GIVEN MATERIAL: Begin

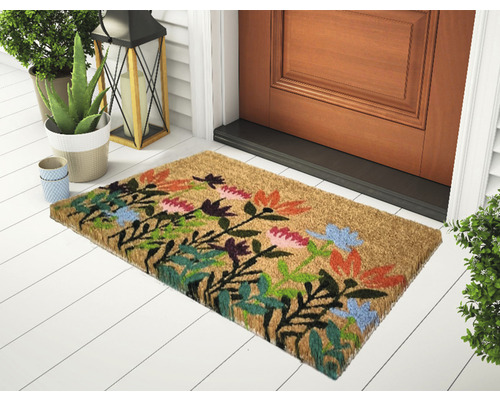 Kokosová rohožka s kvetinovým vzorom pred vchodovými dverami.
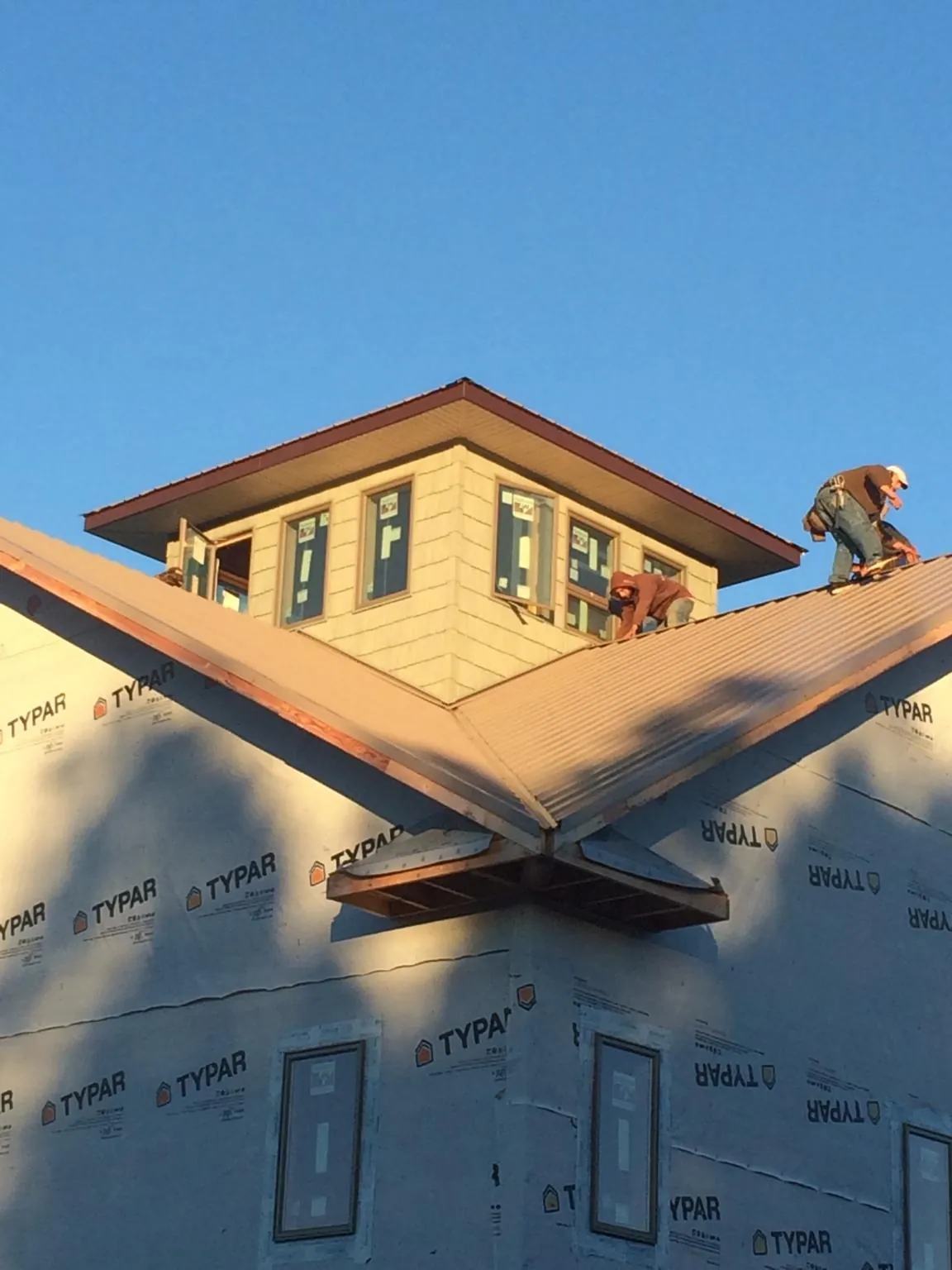 Roofers working around a rooftop cupola on a new metal roof at sunset — Roof Waterproofing in Dyke by Roofing Brothers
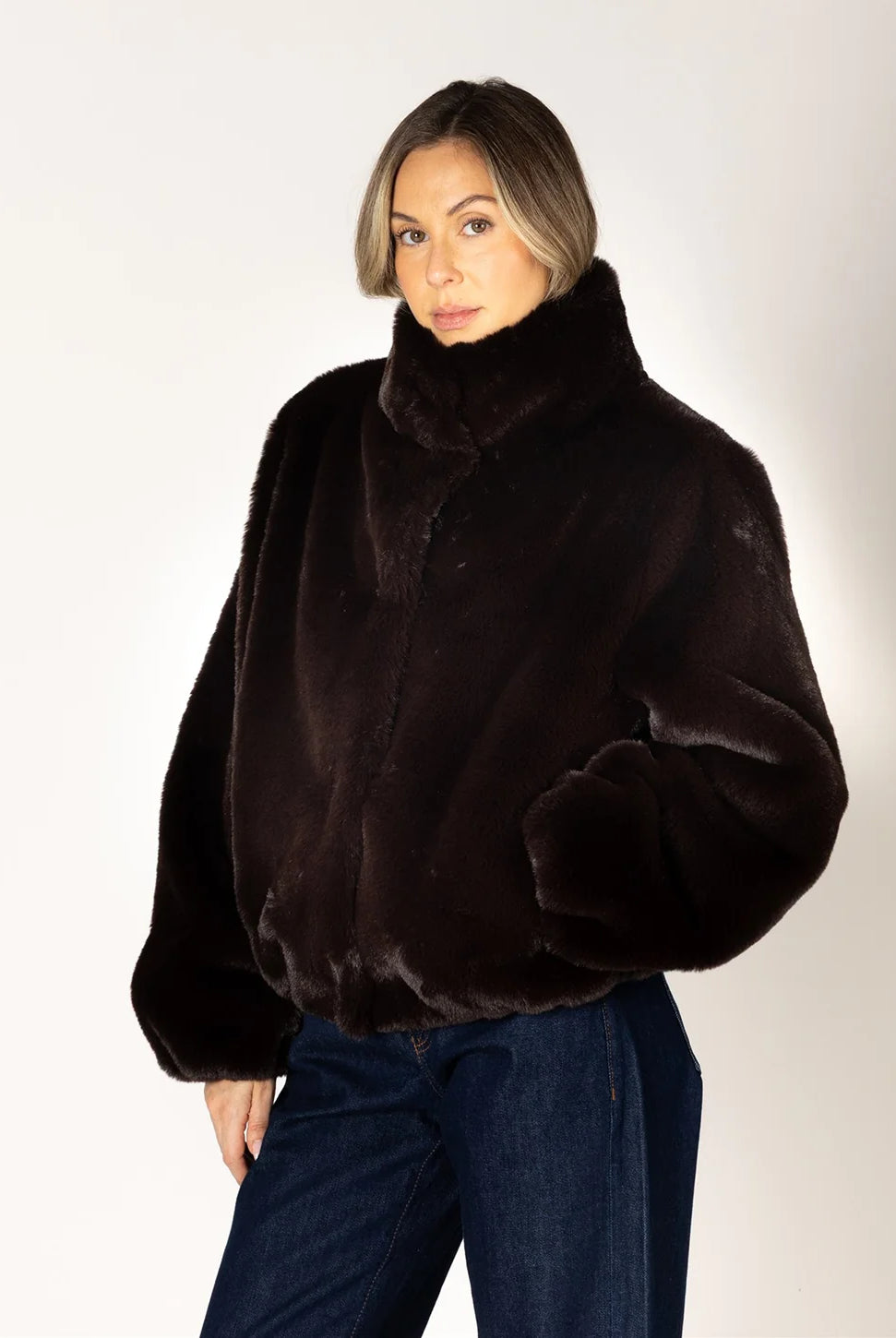 Kendra Short Faux Fur Coat in espresso brown featuring a soft, plush faux fur texture, relaxed fit, cropped silhouette, crew neckline, long sleeves, and front button closure.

GIVEN MATERIAL: End

◆ TASK DETAILS ◆
Print out all the material above exactly as it appears, omitting the images.

◆ TASK OUTPUT ◆
 Kokosová rohožka s kvetinovým vzorom pred vchodovými dverami.
 Roofers working around a rooftop cupola on a new metal roof at sunset — Roof Waterproofing in Dyke by Roofing Brothers
 Kendra Short Faux Fur Coat in espresso brown featuring a soft, plush faux fur texture, relaxed fit, cropped silhouette, crew neckline, long sleeves, and front button closure.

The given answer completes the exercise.